И уж, понятно, разговорились. Обходительные оказались люди. Как улегся я на сон грядущий рядышком с ними, то задал им, конечно, несколько научных вопросов. Очень меня заинтересовала европейская жизнь. Рассказали они с охотой.
– По разному, – говорят, – Европа выглядит. Каждая страна отличается, безусловно. Например, взять Мадьярию… В мадьярских тюрьмах не кормят вовсе, хотя и не бьют. А в голландской тюрьме только сыр дают и работать приказывают. У немцев то же самое заставляют плести корзины. Который обчищает пруты, а остальные плетут. Хуже всего, понятно, в Румынии. Мамалыгу дают на обед и, кроме того, избивают.
– Ну а как, – спрашиваю, – по внутреннему виду впечатлительность от Европы?

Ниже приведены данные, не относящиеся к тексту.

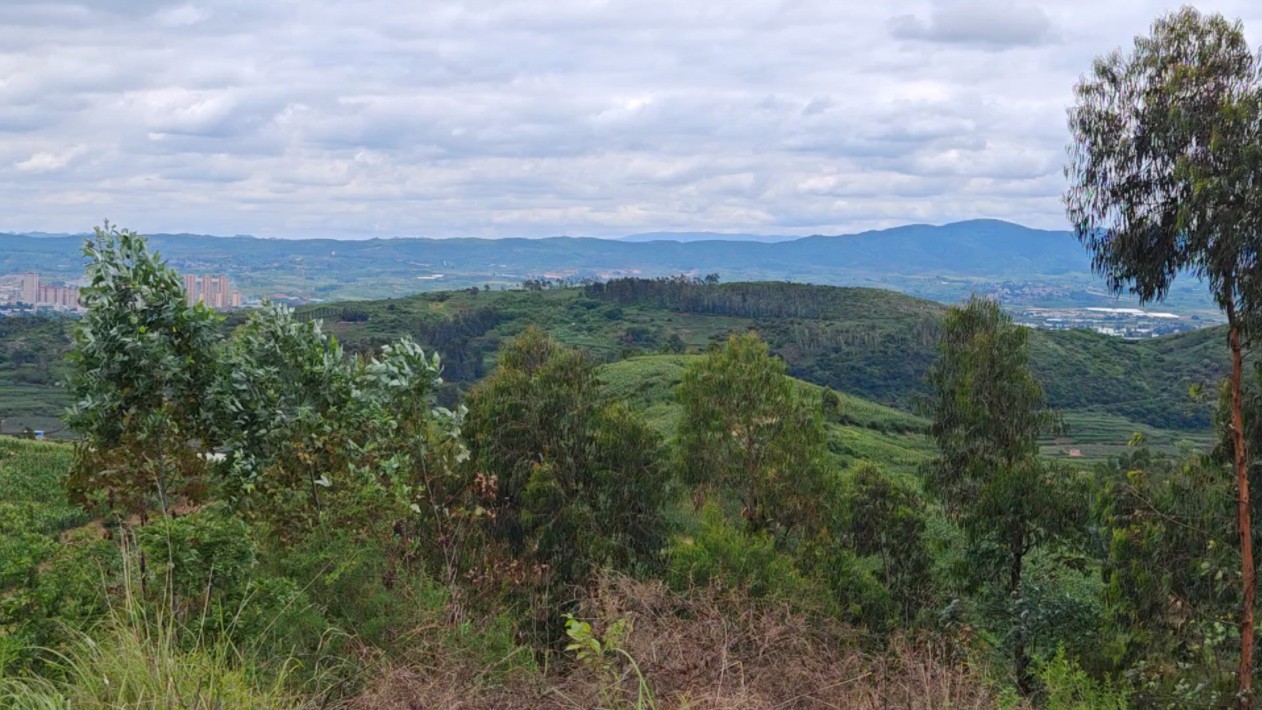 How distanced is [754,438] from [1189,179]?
19.9m

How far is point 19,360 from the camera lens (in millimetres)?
104688

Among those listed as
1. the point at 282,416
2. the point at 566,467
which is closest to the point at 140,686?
the point at 282,416

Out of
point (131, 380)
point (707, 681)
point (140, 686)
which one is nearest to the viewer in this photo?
point (140, 686)

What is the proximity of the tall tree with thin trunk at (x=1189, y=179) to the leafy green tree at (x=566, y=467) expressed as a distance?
13.8 m

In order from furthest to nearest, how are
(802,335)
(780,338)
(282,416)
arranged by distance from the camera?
(780,338) < (802,335) < (282,416)

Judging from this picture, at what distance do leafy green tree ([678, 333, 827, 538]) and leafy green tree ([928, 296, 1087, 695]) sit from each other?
6801 millimetres

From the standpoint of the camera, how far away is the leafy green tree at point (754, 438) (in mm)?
28953

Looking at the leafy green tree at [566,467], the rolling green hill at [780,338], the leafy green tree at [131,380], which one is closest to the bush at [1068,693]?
the leafy green tree at [131,380]

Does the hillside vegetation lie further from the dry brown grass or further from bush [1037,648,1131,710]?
bush [1037,648,1131,710]

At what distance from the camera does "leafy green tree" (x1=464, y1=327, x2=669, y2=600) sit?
24.1m

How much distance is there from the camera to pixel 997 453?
21734 mm

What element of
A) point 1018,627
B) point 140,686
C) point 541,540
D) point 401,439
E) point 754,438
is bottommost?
point 1018,627

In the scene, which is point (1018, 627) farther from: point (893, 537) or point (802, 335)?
point (802, 335)

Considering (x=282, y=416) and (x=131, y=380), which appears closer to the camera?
(x=131, y=380) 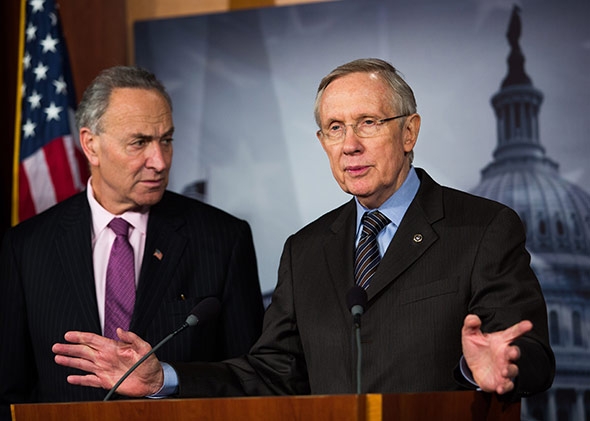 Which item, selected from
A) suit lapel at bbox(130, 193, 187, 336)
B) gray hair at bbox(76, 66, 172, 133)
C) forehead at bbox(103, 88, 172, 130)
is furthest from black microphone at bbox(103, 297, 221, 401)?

– А на этот счет, – говорят, – неважно. Машинами они улицы подметают. Если предлагаешь по-нашему, метелкой, – вовсе смеются. Хотя вот служанки ихние почище наших будут. Прийдешь к ней на ночную прогулку и даже испугаешься – прямо-таки барыня в перинах лежит. Которые из нас не выдержали соблазна и даже поженились.
И долго они мне еще рассказывали о западноевропейской жизни. Всего теперь не упомню.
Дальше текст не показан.